# BCS NC* Game Poll



## Dwight Schrutester (Dec 3, 2007)

Should be a good one!


----------



## GaryFish (Sep 7, 2007)

I'm pulling for the Ducks, but I'm still not convinced they have a smaller payroll than Auburn.


----------



## Dwight Schrutester (Dec 3, 2007)

I also want Oregon to win, but I just can't see them stopping Cam Newton. I hope that I am wrong. I am tired of SEC teams winning the NC*.


----------



## HighNDry (Dec 26, 2007)

I'm looking for a web-footed victory. For some reason, I have this image of the Ducks flying into the stadium and making a quakery of Auburn, similar to what Utah did to Alabama.


----------



## Critter (Mar 20, 2010)

While I am not a Duck fan I would like to see a west cost team do it this year.
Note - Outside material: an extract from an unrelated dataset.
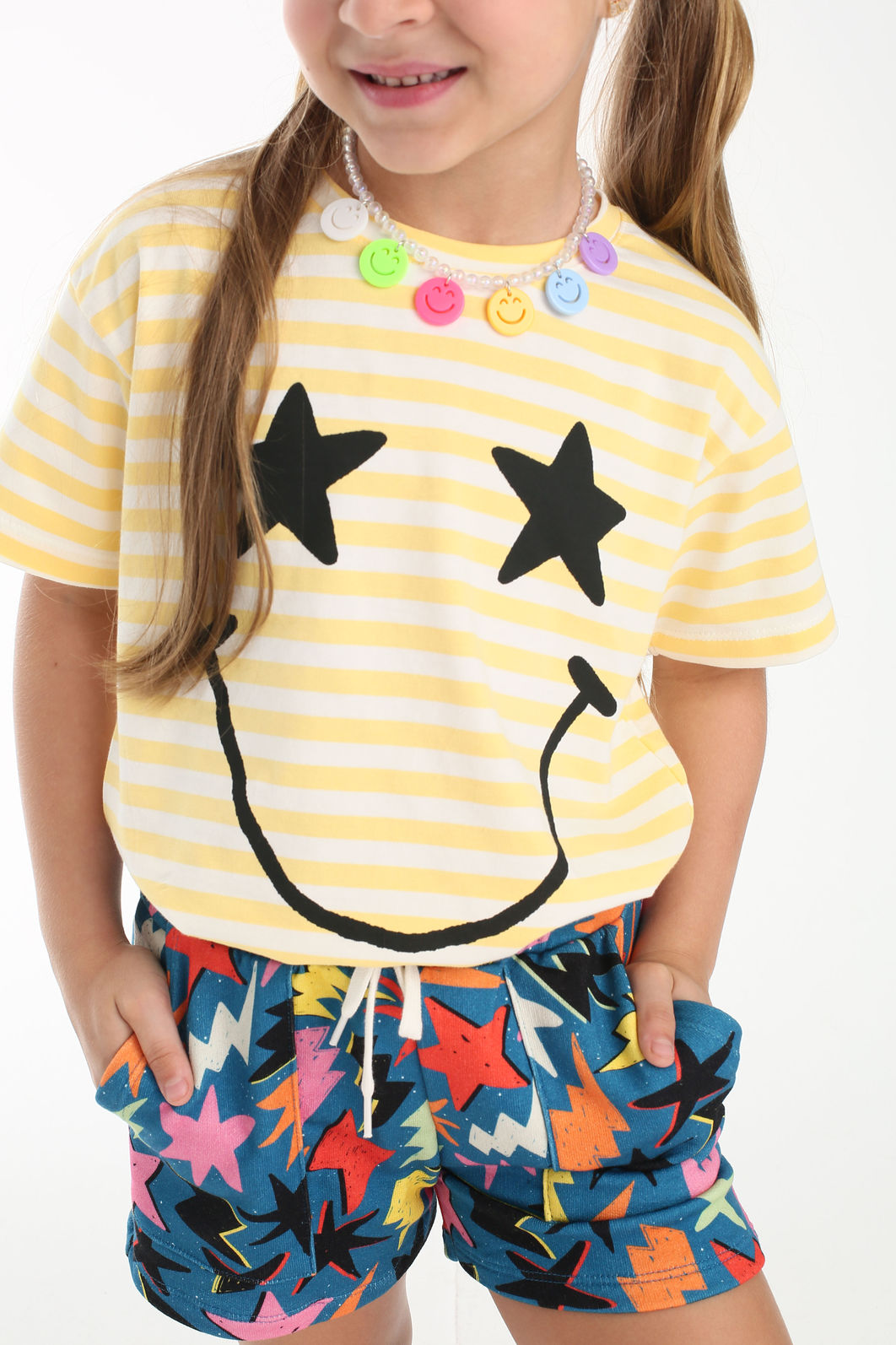 CAMISETA UNISSEX LISTRADA FELIZ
It is just something about those SEC teams that just doesn't sit right.


----------



## jahan (Sep 7, 2007)

I want to see the Ducks win, can't stomach the fact that if Auburn wins the NC, it will just be stripped in a couple years because of Cam Newtons behavior. Plus I get tired of the SEC winning.


----------



## Catherder (Aug 2, 2008)

Want the ducks to win, but predict that Cam (and Auburn) will pull it out and go out on top before accepting his future pay cut when he is in the NFL.


----------



## bkelz (Dec 3, 2010)

its obvious i live out west.......we all know the SEC will bring another home. although im a die hard alabama fan, im hope to see auburn bring home another for the great state of alabama!


----------



## backpacker (Mar 1, 2008)

Quick question: when the runners wrist is down in college, is the runner down? Just asking because it was never mentioned in the replay on that final Auburn drive. NFL wrist down+defender contact = runner down.


----------



## mikevanwilder (Nov 11, 2008)

After watching this game I fully believe TCU could of beat either of these teams. I was pretty disappointed in the game. 
Congrats to Auburn though.


----------



## GaryFish (Sep 7, 2007)

The game was entertaining. I'd of liked it better if Oregon would have won, but Auburn owned the line of scrimmage. One thing I REALLY don't like about Oregon's offense is how much happens behind the line of scrimmge. The running backs were taking the ball 7 yards deep, and either standing still, or moving backwards when they got it. Witht he surge that Auburn put up front, Oregon was toast. I just don't like plays that take that long to develop that deep. It will work when you have the dominant line or vastly superior speed, but otherwise, you're screwed. That game could have very easily been a blow-out in Auburn's favor. Auburn earned it. I enjoyed the game though. 

I'm not sure I agree that TCU would beat Auburn. That line of Auburn on both sides is huge, strong, and fast. It certainly would be a very good game. One we'd all like to see. Sure wish it could happen.


----------